The Mayor's office claims the municipal-level position is the first of its kind in the nation, although two states, California and New York, have cabinet level posts charged with promoting service. Ms. Billings-Burford joins other young talent in the Bloomberg administration charged with assisting nonprofits, including the president of the Mayor's Fund to Advance New York City, Megan Sheekey, and the Commissioner of the Community Affairs Unit, Nazli Parvizi.
Some of NYC Service's goals are to introduce a public service curriculum at New York City's schools; develop a universal background check that all nonprofits can use for their volunteers, and focus New Yorkers' volunterism in the strategic areas of health, education, the environment, strengthening communities, and emergency preparedness. To make it easier for New Yorkers to volunteer, the city has launched a database of volunteer opportunities, and a volunteering campaign with the slogan, "Use your BLANK for good."
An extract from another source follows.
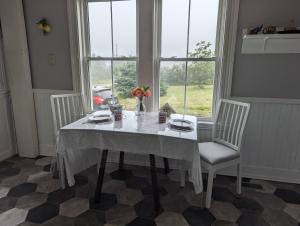 a white table with two chairs and a vase of flowers at East Ferry Bed and Breakfast in Brier and Long Islands +17 photos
"New York City is the first city to strategically harness the power of its volunteers to solve its most pressing challenges, and I am excited to lead the charge," Ms. Billings-Burford, who lives in Brooklyn with her husband and two children, said.
Ms. Billings-Burford put the spotlight on the NYC Service program Middle School Mentors, which seeks to recruit 2,000 new mentors to work in 51 of the City's highest-need middle schools. "Having been a middle school teacher myself, I couldn't agree more that encouraging New Yorkers to give back by mentoring at-risk students at that critical time in their development will invariably change the lives of those students for the better."
The program calls for mentors to work one-on-one with sixth graders to help them transition to middle school; team mentors with students at the bottom third of their classes, and create mentor advisory groups where mentors will meet with students.
Prior to her appointment, Diahann Billings-Burford served as Deputy Executive Director of External Affairs for City Year New York, which seeks to use volunteers to help public school students. She has also worked at Achievement First, a charter school management system, and Prep for Prep. She is a 1990 graduate of Poly Prep, a 1994 graduate of Yale University, and a 2002 graduate of Columbia University's School of Law.
In an interview posted on the Shinnyo-en Foundation Web site, she gave a definition of service: "I think to serve, it is to sacrifice, using your best gifts, give them to someone else, for another person’s benefit. Yet for those of us who engage in service, we know that in that act, we are receiving more than we are giving."
The Mayor announced the appointment at the High School for Public Service: Heroes of Tomorrow in Brooklyn, where he was joined by First Deputy Mayor Patricia Harris and Sway Calloway of MTV News to honor school students who have given back to their communities.